__What is being asked__: Word for word, write the lines below out again, with no pictures.

__Information provided__:
%%

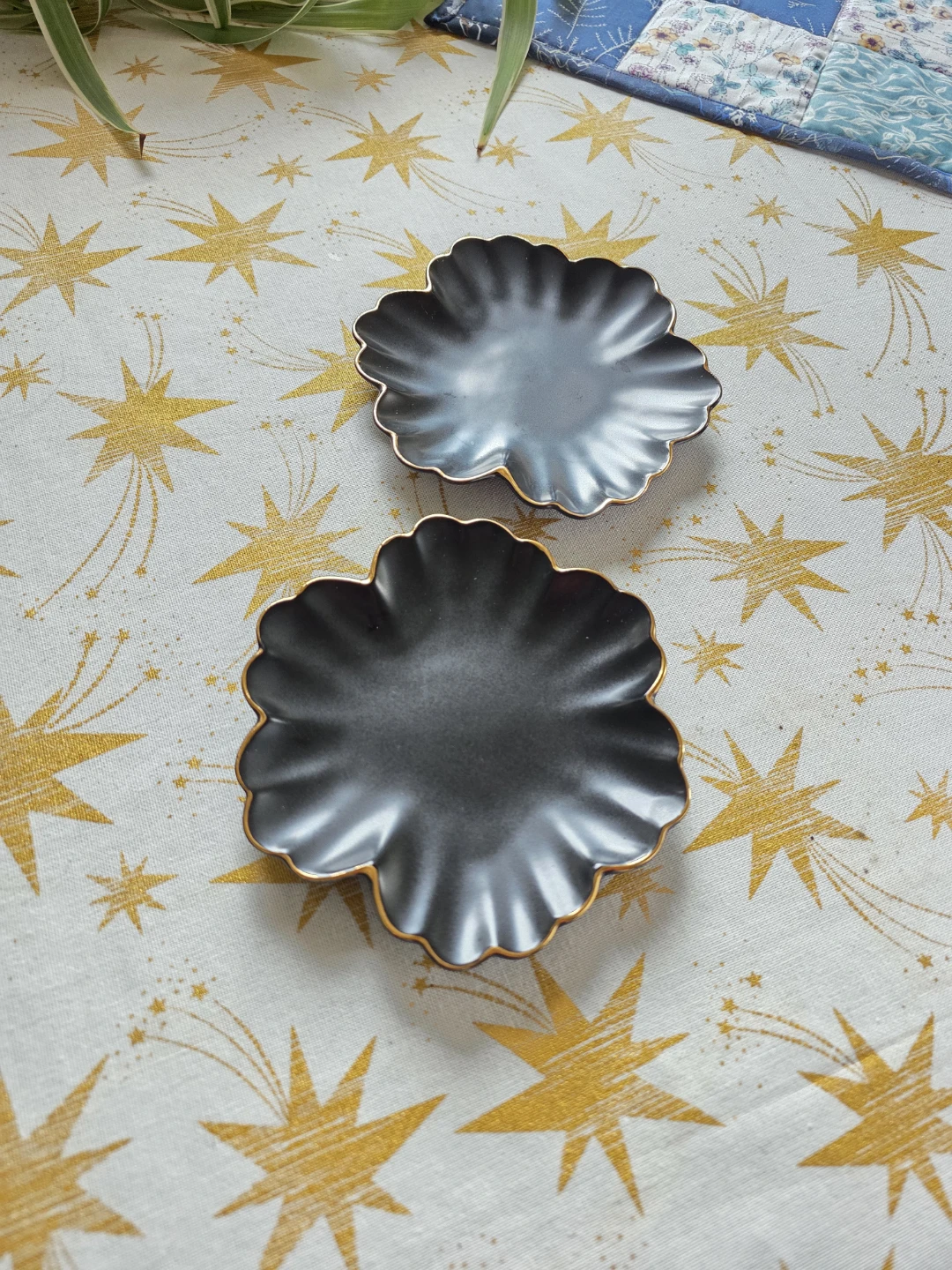 🏈 Set of Two Black Flower Shaped Trinket Dishes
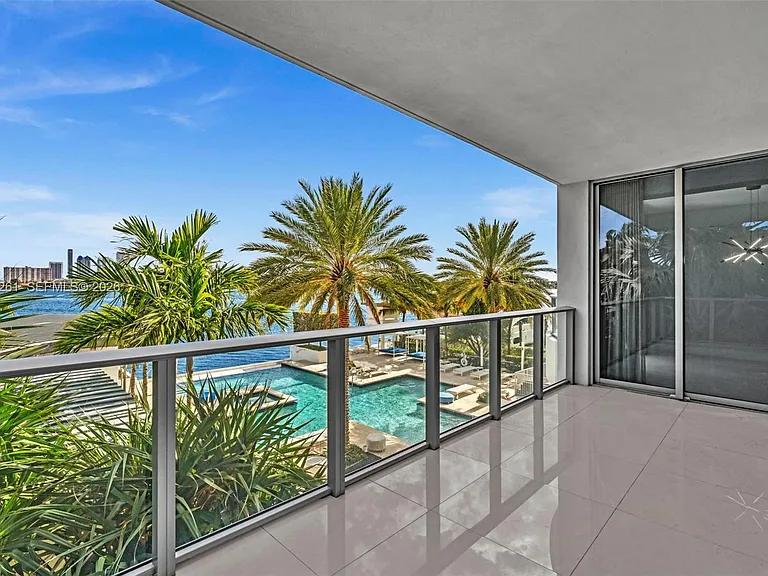 17301 Biscayne Blvd #210 — Photo 26
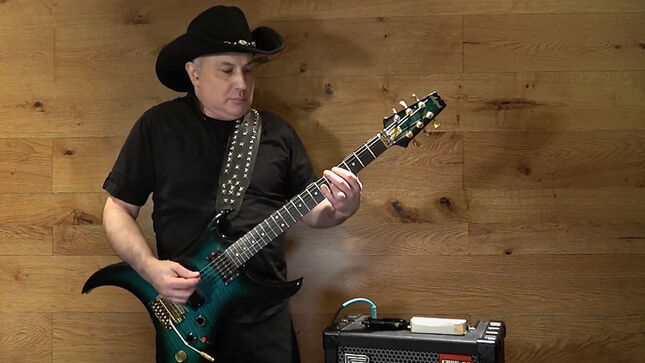 RAZOR Guitarist DAVE CARLO Performs Classic Riffs In First Shred Session Video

%%

__Completed task__:
 🏈 Set of Two Black Flower Shaped Trinket Dishes
 17301 Biscayne Blvd #210 — Photo 26
 RAZOR Guitarist DAVE CARLO Performs Classic Riffs In First Shred Session Video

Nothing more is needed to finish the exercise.